---------- DATA TO EXAMINE

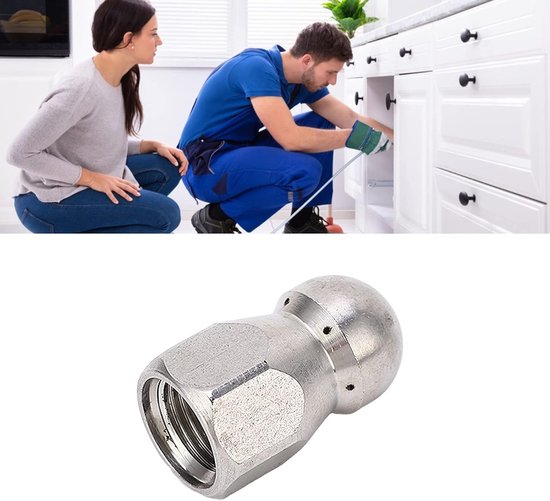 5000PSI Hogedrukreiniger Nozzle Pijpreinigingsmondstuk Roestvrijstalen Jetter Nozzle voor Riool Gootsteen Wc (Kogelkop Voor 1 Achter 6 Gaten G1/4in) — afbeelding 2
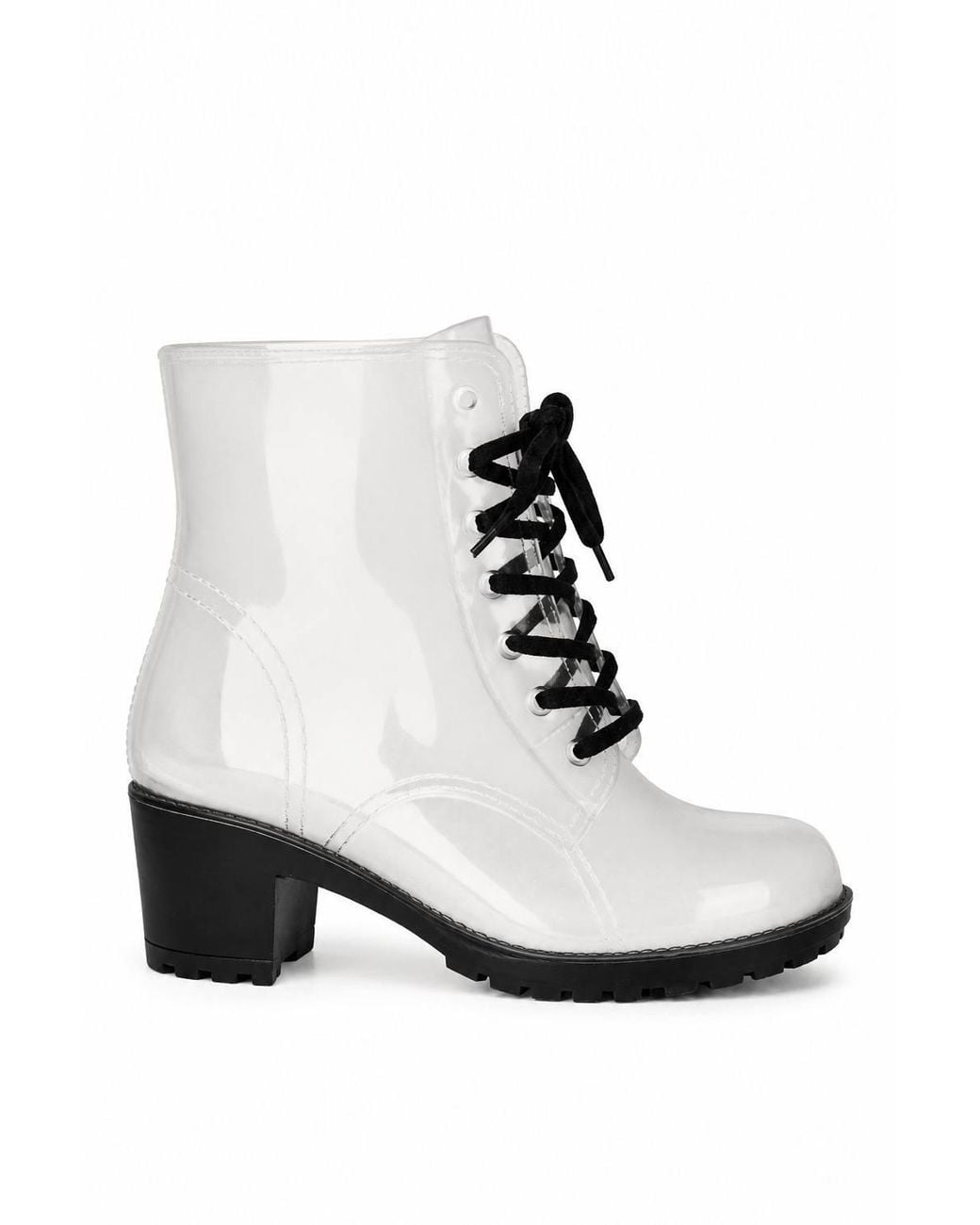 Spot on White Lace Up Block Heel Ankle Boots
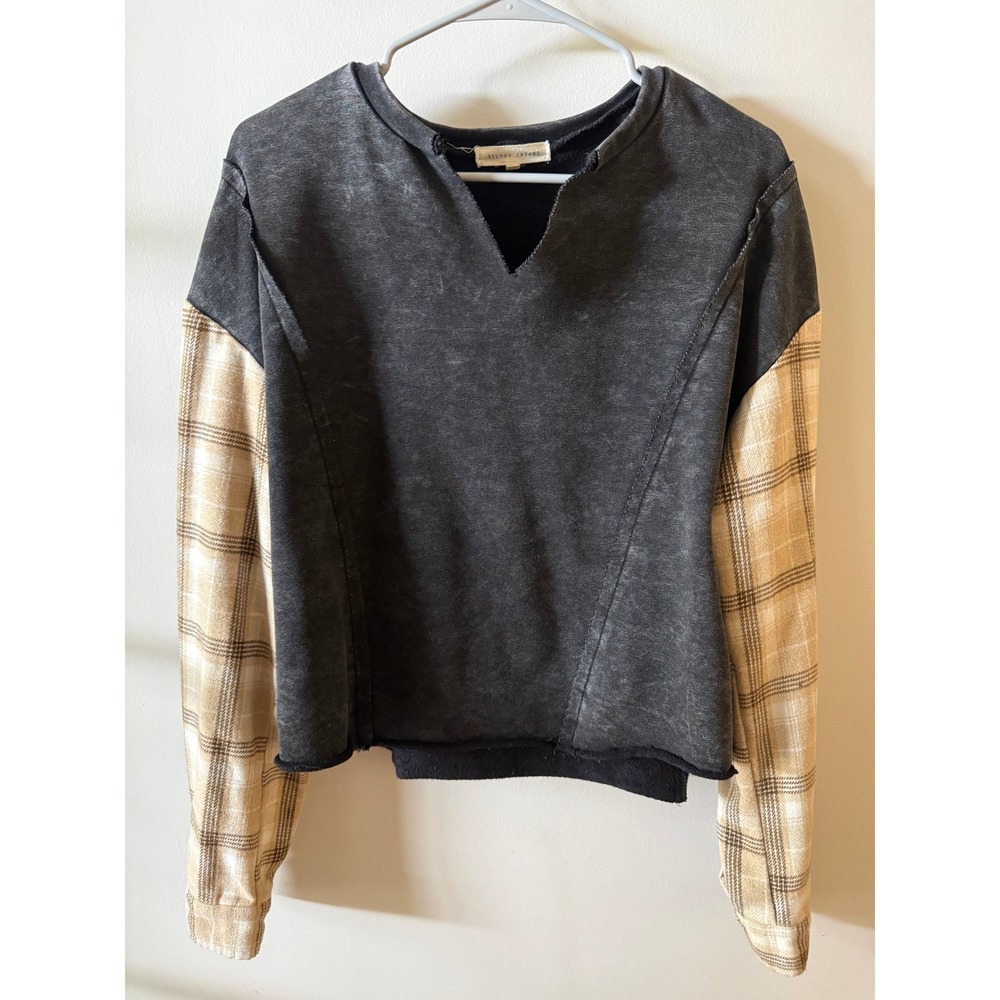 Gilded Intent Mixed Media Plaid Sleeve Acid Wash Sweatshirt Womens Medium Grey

--------------------
---------- DATA TO EXAMINE

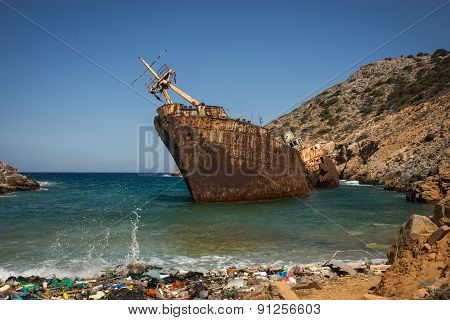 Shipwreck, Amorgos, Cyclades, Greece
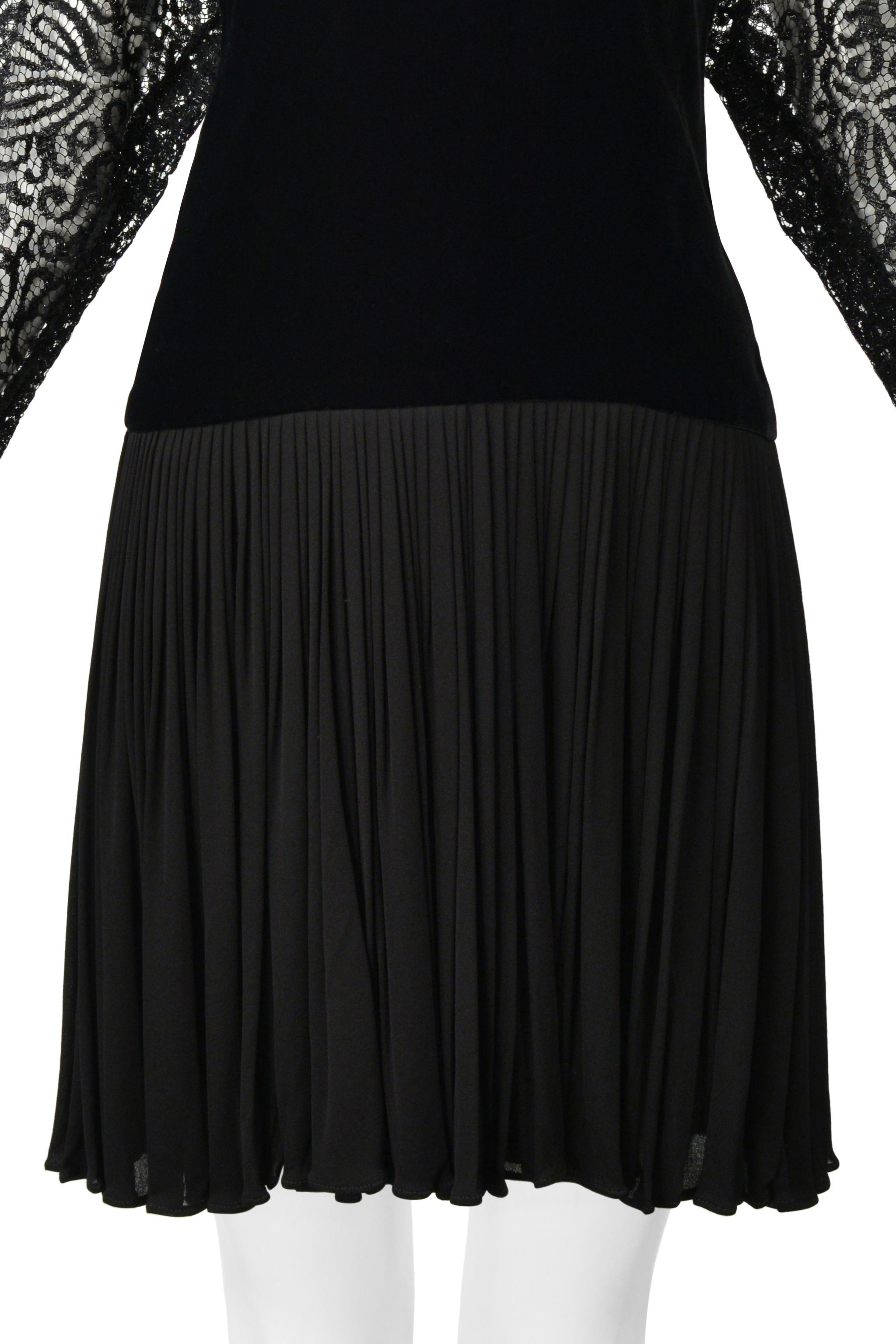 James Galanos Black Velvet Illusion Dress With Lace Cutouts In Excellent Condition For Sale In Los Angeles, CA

--------------------

WHAT YOU NEED TO DO:
Exact copy, no pictures. Write out the lines in the entries above, starting with the line with "Spot on White Lace Up Block Heel Ankle Boots" and going on through the line with "Gilded Intent Mixed", keeping both.

RESULT FOR THIS EXERCISE:
 Spot on White Lace Up Block Heel Ankle Boots
 Gilded Intent Mixed Media Plaid Sleeve Acid Wash Sweatshirt Womens Medium Grey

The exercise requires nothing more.